Virbhadra Temple is dedicated to Lord Shiva, located at Virbhadra Town near Rishikesh, Uttarakhand. It is a 1,300-year-old temple, where Virbhadra, an avatar of Lord Shiva is worshiped. Night long jagran and special poojas are held on the occasion of Shivratri & Sawaan. A mela is also held to coincide with the Mahashivratri festival. Virbhadra Temple Myths and Legends Virabhadra is an avatar of Lord Shiva who was created by him in anger. The story in Hindu mythology describes that when Goddess Uma (Sati) felt insulted by her father Daksh Prajapati at Kankhal, Haridwar for not inviting her husband Lord Shiva for Yagya, she jumped into the Yagya Kund to immolate herself for her husband's dishonor.
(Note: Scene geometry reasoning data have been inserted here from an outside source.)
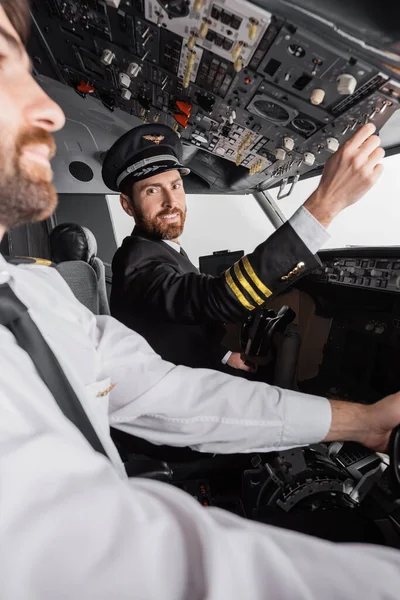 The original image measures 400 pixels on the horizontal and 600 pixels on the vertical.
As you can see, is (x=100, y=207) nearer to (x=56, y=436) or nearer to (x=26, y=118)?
(x=26, y=118)

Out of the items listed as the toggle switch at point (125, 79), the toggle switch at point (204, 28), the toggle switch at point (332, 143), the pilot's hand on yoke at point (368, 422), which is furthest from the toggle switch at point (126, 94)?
the pilot's hand on yoke at point (368, 422)

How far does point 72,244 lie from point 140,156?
26.1 inches

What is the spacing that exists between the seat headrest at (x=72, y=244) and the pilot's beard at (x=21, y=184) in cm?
114

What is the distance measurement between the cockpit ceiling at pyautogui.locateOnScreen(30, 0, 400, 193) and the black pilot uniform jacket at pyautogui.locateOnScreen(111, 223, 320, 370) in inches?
19.0

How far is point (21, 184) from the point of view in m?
0.66

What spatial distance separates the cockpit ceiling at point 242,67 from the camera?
815 mm

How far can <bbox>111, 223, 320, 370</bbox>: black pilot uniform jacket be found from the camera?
88 centimetres

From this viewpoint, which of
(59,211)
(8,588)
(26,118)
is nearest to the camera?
(8,588)

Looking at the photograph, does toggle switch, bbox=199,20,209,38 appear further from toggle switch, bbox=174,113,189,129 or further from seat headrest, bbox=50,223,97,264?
seat headrest, bbox=50,223,97,264

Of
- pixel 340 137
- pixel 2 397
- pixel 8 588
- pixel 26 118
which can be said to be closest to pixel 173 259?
pixel 26 118

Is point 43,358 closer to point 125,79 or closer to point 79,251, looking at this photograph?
point 79,251

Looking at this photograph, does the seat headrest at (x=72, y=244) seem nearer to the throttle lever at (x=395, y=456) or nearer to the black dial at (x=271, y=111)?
the black dial at (x=271, y=111)

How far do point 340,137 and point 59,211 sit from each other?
3.27 m

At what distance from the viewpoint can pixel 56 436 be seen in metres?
0.39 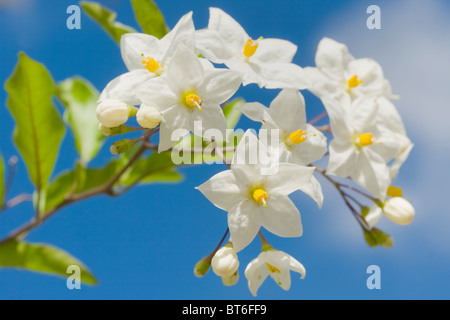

When Lord Shiva heard this news he became angry, pulled out his hair and thrashed on the ground. Consequently, Lord Virbhadra was born.

The temple is located 2 km from Neelanth-Rishikesh Highway. It can be reached by local Veerbhadra railway station on the highway which is 2 km away from the temple. Nearby villages are Meera Nagar and Tehri Vishtapit. Jolly Grant Airport, Dehradun is 25 km away.